Immunity to respiratory syncytial virus: a clinical perspective

Abstract

Since its discovery 60 years ago, we have greatly improved our knowledge of RSV disease. Many risk factors for development of serious disease have been identified that include prematurity, pre-existing medical conditions, in utero influences, and old age. There is no therapy and treatment remains supportive with oxygen and fluid maintenance. The majority of infants hospitalized with RSV bronchiolitis were previously healthy. Understanding why these children develop severe RSV bronchiolitis, whereas others only have mild RSV infection, is the main object of this doctoral thesis. The greatest independent risk factor for developing serious disease is young age. Waning maternal antibodies and the ability of RSV to evade systemic immunity offers some explanation, but there is increasing evidence supporting immune mediated pathology to RSV. Approximately 20% of association with severe disease can be accounted to polymorphisms in genes regulating early immune responses. Interestingly, children with almost absent immunity, such as those undergoing stem cell transplantation, do not necessarily show progression to severe disease in case of RSV infection.
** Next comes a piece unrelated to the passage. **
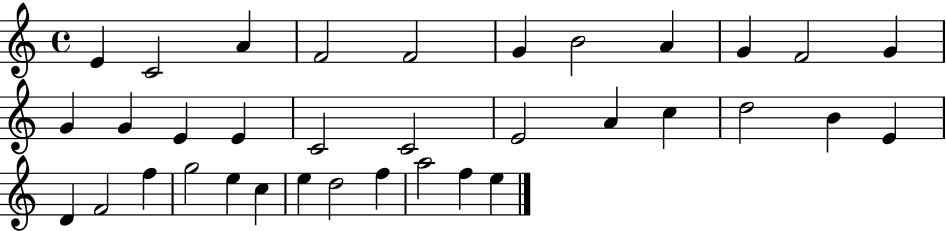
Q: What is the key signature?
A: C major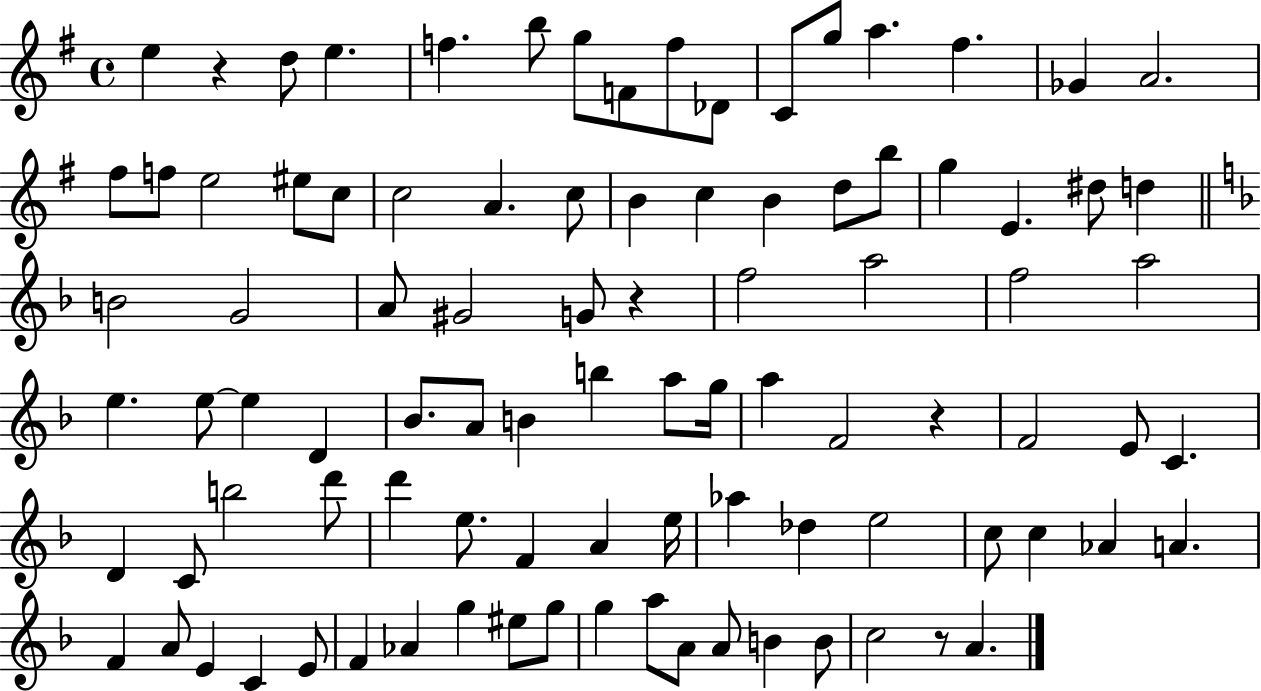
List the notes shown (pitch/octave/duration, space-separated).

E5/q R/q D5/e E5/q. F5/q. B5/e G5/e F4/e F5/e Db4/e C4/e G5/e A5/q. F#5/q. Gb4/q A4/h. F#5/e F5/e E5/h EIS5/e C5/e C5/h A4/q. C5/e B4/q C5/q B4/q D5/e B5/e G5/q E4/q. D#5/e D5/q B4/h G4/h A4/e G#4/h G4/e R/q F5/h A5/h F5/h A5/h E5/q. E5/e E5/q D4/q Bb4/e. A4/e B4/q B5/q A5/e G5/s A5/q F4/h R/q F4/h E4/e C4/q. D4/q C4/e B5/h D6/e D6/q E5/e. F4/q A4/q E5/s Ab5/q Db5/q E5/h C5/e C5/q Ab4/q A4/q. F4/q A4/e E4/q C4/q E4/e F4/q Ab4/q G5/q EIS5/e G5/e G5/q A5/e A4/e A4/e B4/q B4/e C5/h R/e A4/q.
The development of severe RSV bronchiolitis is associated with a more robust cascade of pro-inflammatory responses displayed by higher levels of nasopharyngeal cytokines such as IL-6. Furthermore, there is a unique pattern of increased local IL-17 production during the convalescent phase of bronchiolitis This observation suggests a critical role for the epithelium as the first line of defense against RSV and is in accordance with the hypothesis of immune mediated pathology. There is an association between the IL1RL1 gene and RSV disease severity. The newly found genetic link, in light of the well established link between IL1RL1 and asthma, makes it an interesting candidate for future research on association with disease severity and post-bronchiolitis complications. The cascade of immune responses may exert effects beyond RSV. Young infants clear colonizing pneumococci from the nasopharynx during the course of bronchiolitis. It is crucial to study the fluctuations in non-invasive bacterial colonization of the nasopharynx that occur during childhood in relation to viral infection and to recognize the complex dynamics of microbial communities in the upper respiratory tract, especially in the development and evaluation of candidate viral vaccines.